▶ [Exercise] The entries below should be given again exactly, minus their pictures.

▶ [Dataset content]
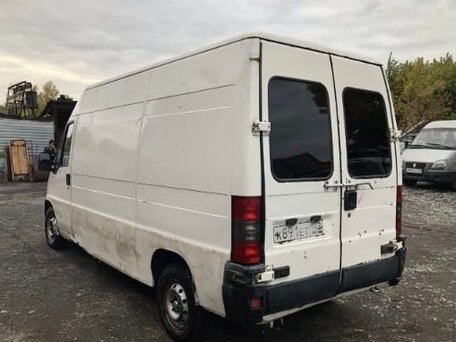 1996 Fiat Professional Ducato, белый, 390000 рублей, вид 4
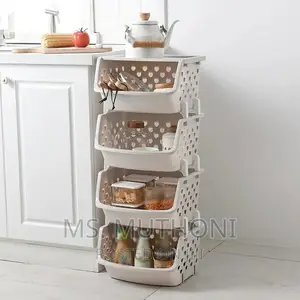 Vegetable Stackable Fruit Rack Storage Rack*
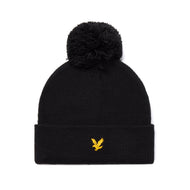Lyle et Scott Bobbie Beanie - Jet Black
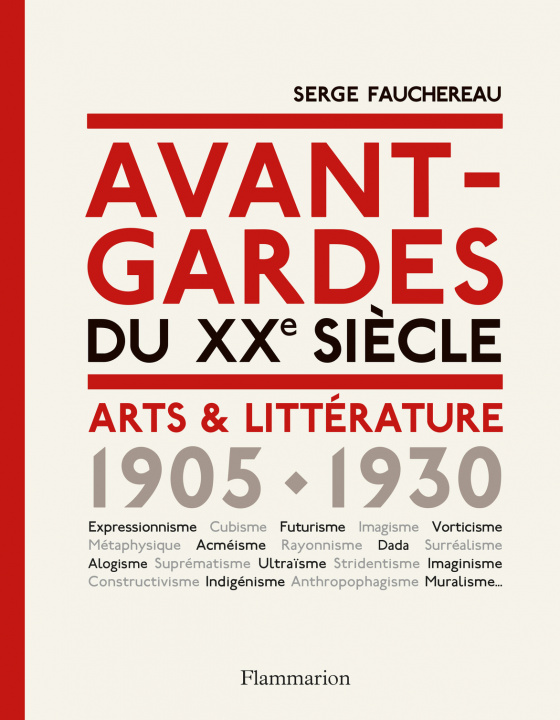 Knjiga Avant-gardes du XXe siècle Fauchereau
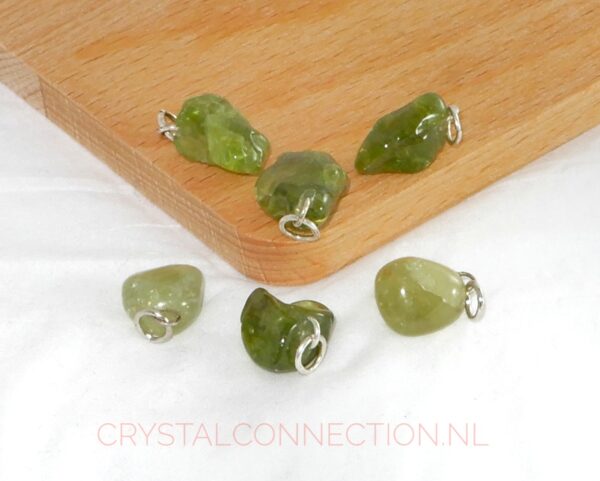 Peridoot hanger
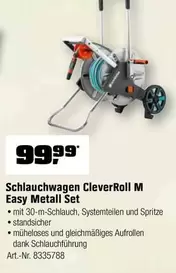 Easy - Schlauchwagen CleverRoll M  Metall Set Art.-Nr. 8335788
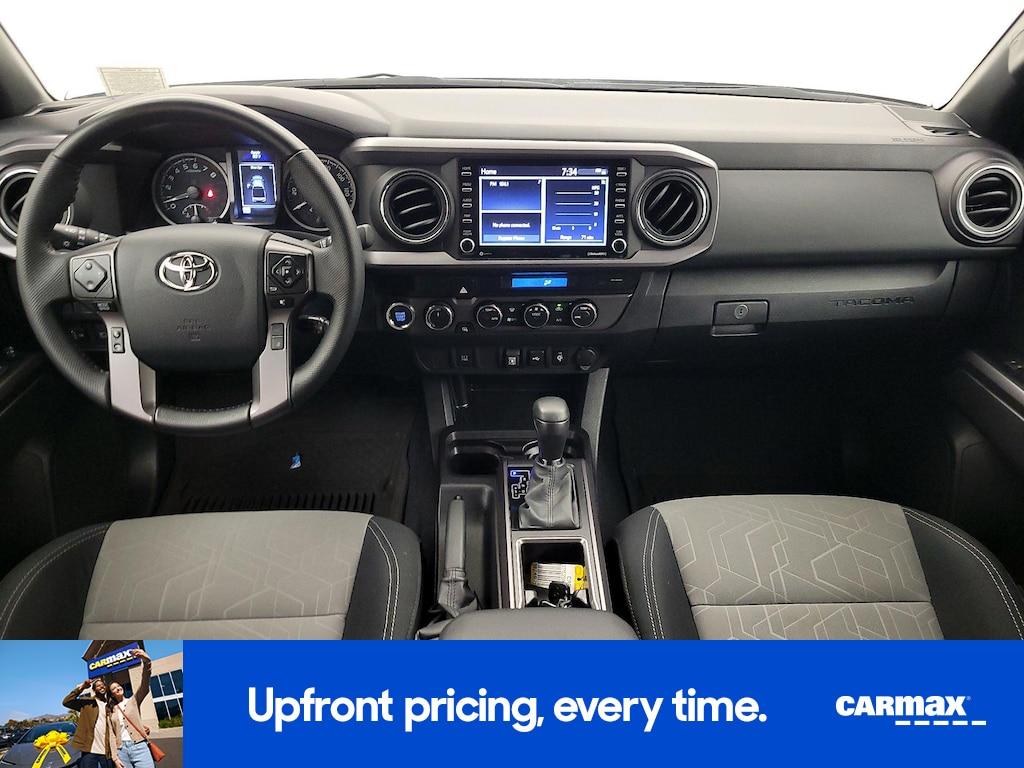 used 2023 Toyota Tacoma car, priced at $38,998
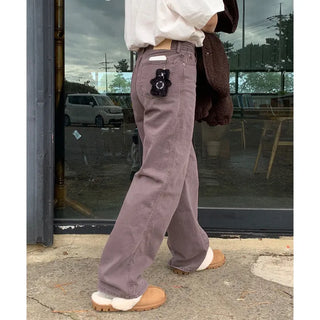woven dyeing pants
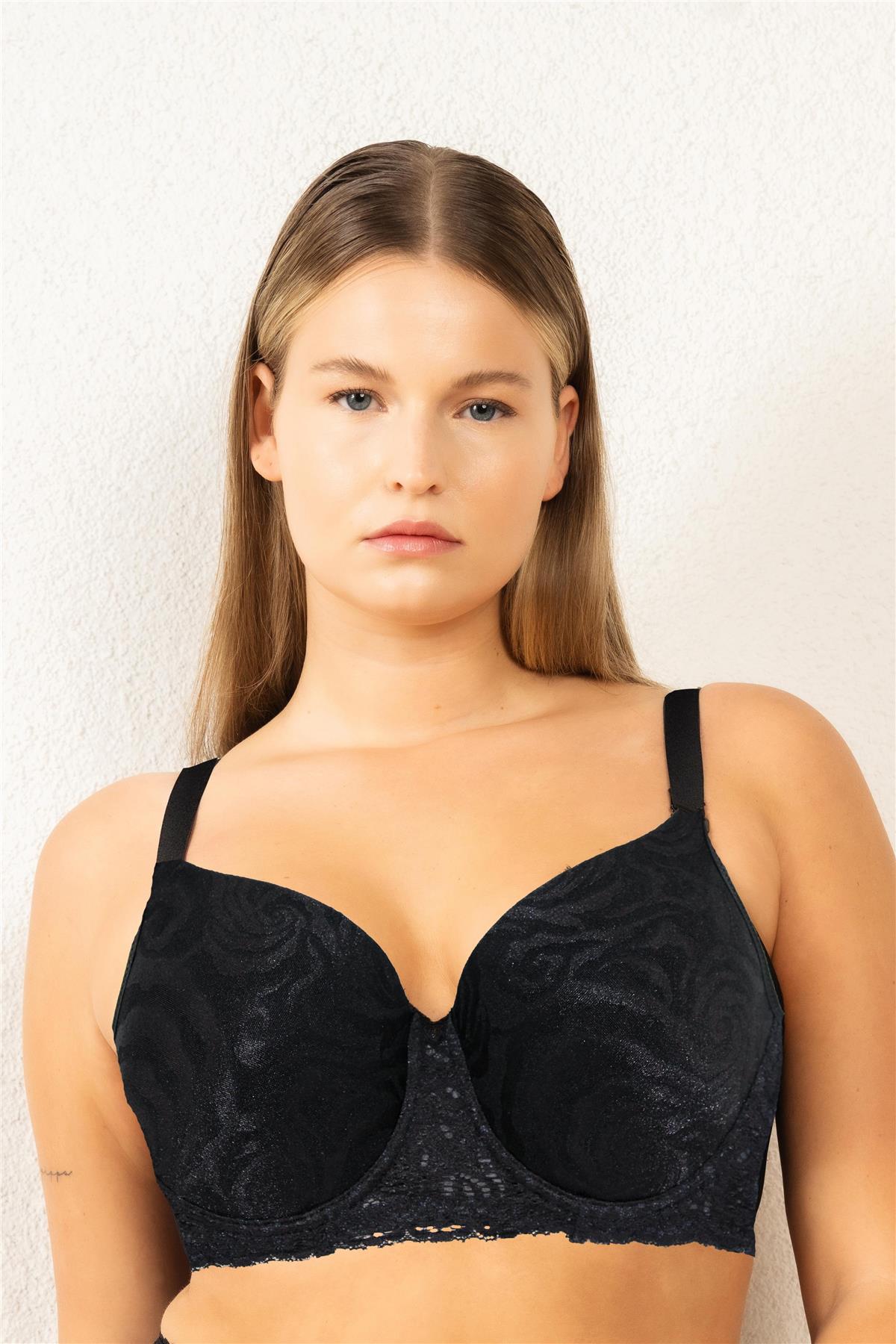 SütyenlerMagic Form 5137 Kadın Simli Kumaş Toparlayıcı Sütyen-Siyah | Pijamapazari.comMagic Form 5137 Kadın Simli Kumaş Toparlayıcı Sütyen-Siyah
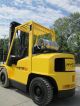 2005 Hyster H80xm Forklift Lift Truck Clear View Hi Lo Mast Lift 8000lb Capacity Forklifts photo 4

▶ [Answer for the task]
 1996 Fiat Professional Ducato, белый, 390000 рублей, вид 4
 Vegetable Stackable Fruit Rack Storage Rack*
Lyle et Scott Bobbie Beanie - Jet Black
 Knjiga Avant-gardes du XXe siècle Fauchereau
 Peridoot hanger
 Easy - Schlauchwagen CleverRoll M  Metall Set Art.-Nr. 8335788
 used 2023 Toyota Tacoma car, priced at $38,998
woven dyeing pants
 SütyenlerMagic Form 5137 Kadın Simli Kumaş Toparlayıcı Sütyen-Siyah | Pijamapazari.comMagic Form 5137 Kadın Simli Kumaş Toparlayıcı Sütyen-Siyah
 2005 Hyster H80xm Forklift Lift Truck Clear View Hi Lo Mast Lift 8000lb Capacity Forklifts photo 4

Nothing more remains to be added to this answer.